Aim of the exercise:
Starting at the line that contains "ßPHILIPS adaptér.k.3-f liště" and ending at the final line of the entries below, write out each line exactly as it appears, but omit the pictures.

Records to use:

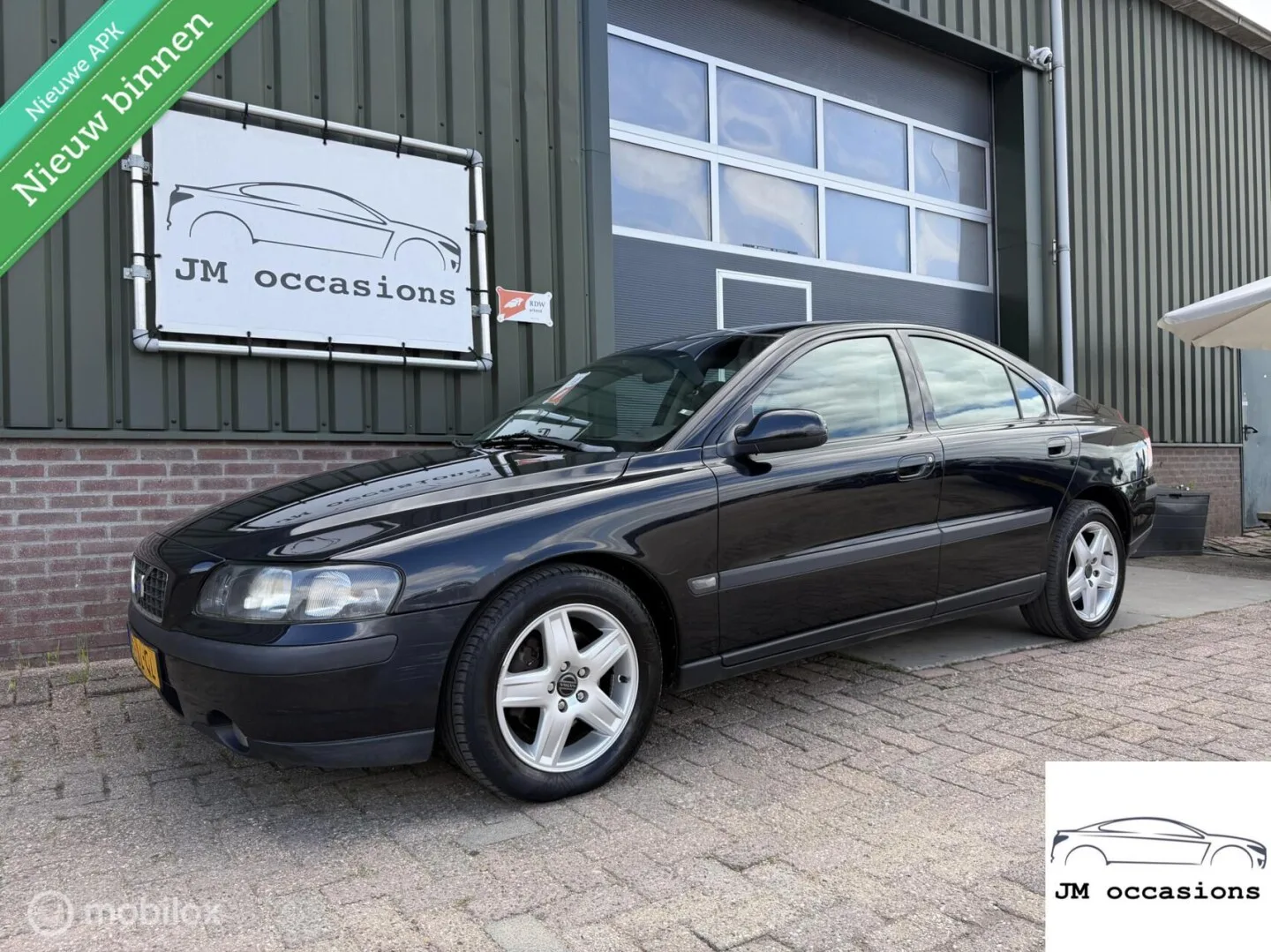 Volvo S60 (2002) — foto 1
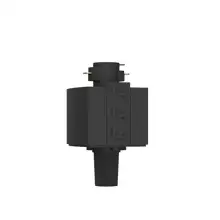 ßPHILIPS adaptér.k.3-f liště  závěsný EasyLink Pendant connector BL HV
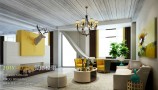 3D66 - American Style Livingroom Interior 2015 Vol 1 (2)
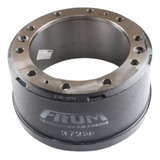 Tambor Dianteiro Iveco Eurogargo/cursor/tector Frum 3725r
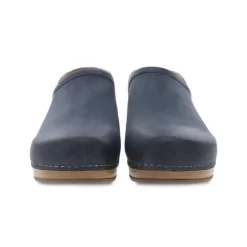 Dansko Brenna Clog -Equi Gear Shop brenna clog navy front 9431 751600 dansko 74996.1640727447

Answer to this exercise:
 ßPHILIPS adaptér.k.3-f liště  závěsný EasyLink Pendant connector BL HV
 3D66 - American Style Livingroom Interior 2015 Vol 1 (2)
 Tambor Dianteiro Iveco Eurogargo/cursor/tector Frum 3725r
 Dansko Brenna Clog -Equi Gear Shop brenna clog navy front 9431 751600 dansko 74996.1640727447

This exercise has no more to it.